An FBI affidavit has revealed that a leading security researcher took control of a plane and made it fly sideways after hacking into its inflight entertainment system.
Chris Roberts flew with United Airlines from Denver to Chicago on 15 April. During the flight, he tweeted about the possibility of accessing the plane's inflight entertainment system.
The FBI sent an agent to inspect the flight when it arrived in Philadelphia, where it had flown after Chicago.
The agent inspected the Seat Electronic Box below seats 2A and 2B and found evidence of damage and tampering, reports the Independent.
Mr Roberts said he hacked into the plane's network through the Seat Electronic Box, which is installed under passenger seats on some commercial aircraft.

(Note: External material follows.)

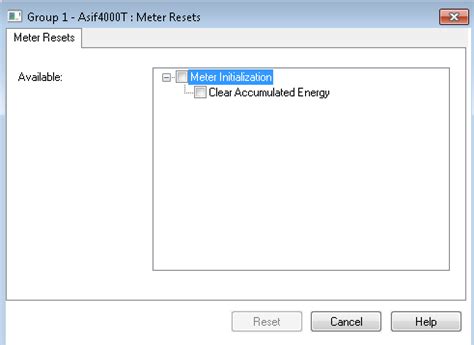 CM3000 and CM4000 How to reset accumulated energy from the ION Setup ...
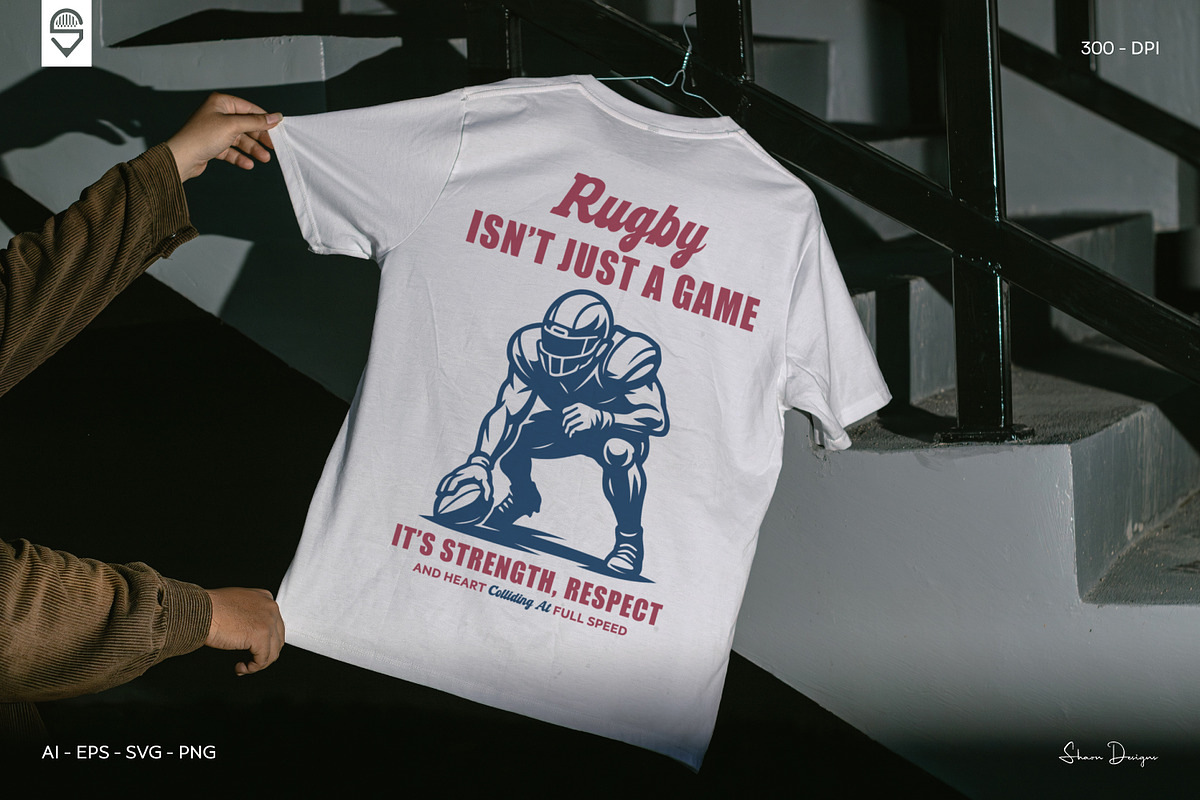 Rugby Lover T-shirt Design, a Sport Illustration by shaondesigns (Photo 4 of 6)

He removed the box's cover by "wiggling and squeezing" before plugging in a modified Cat6 ethernet cable attached to his laptop.
He then gained access to the inflight entertainment system and other networks on the planes.
Mr Roberts was taken into custody when he landed in Syracuse, NY, from Chicago.
A search warrant allowed officers to seize his computer.
According to an FBI search warrant Roberts told agents he had previously hacked into inflight entertainment centres on Boeing 737s, 757s and Airbus A-320 aircraft "15 to 20 times."
He said he was even able to make a climb command to an unidentified plane's engine by overwriting code on the plane's Thrust Management Computer.
According to Sky News, FBI Special Agent Mark Hurley wrote in the search warrant application: "He stated that he thereby caused one of the airplane engines to climb resulting in a lateral or sideways movement of the plane during one of these flights."
Mr Roberts is head of One World Labs, which works to identify security risks before they are exploited.
He has not been charge with any crimes.